FiX: Introducing Fine-grained Forget Gate into Softmax Attention
Abstract
Causal softmax attention is the algorithmic foundation of modern large language models. Inspired by linear attention, recent work has sought to enhance it by incorporating forget gates. However, these efforts, such as FoX, have been limited to coarse, scalar gates. While fine-grained, element-wise gates are shown to be more effective than scalar ones in linear attention, their direct integration into softmax attention is non-trivial due to algebraic constraints. In this work, we introduce Fine-grained Forgetting Transformer (FiX), a novel architecture that successfully enables element-wise forget gates in softmax attention.
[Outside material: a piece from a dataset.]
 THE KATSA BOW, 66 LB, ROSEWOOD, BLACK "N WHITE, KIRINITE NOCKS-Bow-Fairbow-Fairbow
Our core insight is that the softmax denominator becomes mathematically redundant under a subsequent RMSNorm layer, allowing us to reformulate the forgetting mechanism as a direct element-wise multiplication on the value vectors. This formulation makes FiX the first positional encoding applied to value-output (VO) pairs, designed to be complementary to existing query-key (QK) encodings like RoPE. We systematically address implementation challenges including numerical precision, computational efficiency, and inference memory consumption. Extensive experiments show FiX achieves lower training loss and superior performance on both short-text common sense benchmarks and long-context tasks, opening a new path for building more powerful transformers.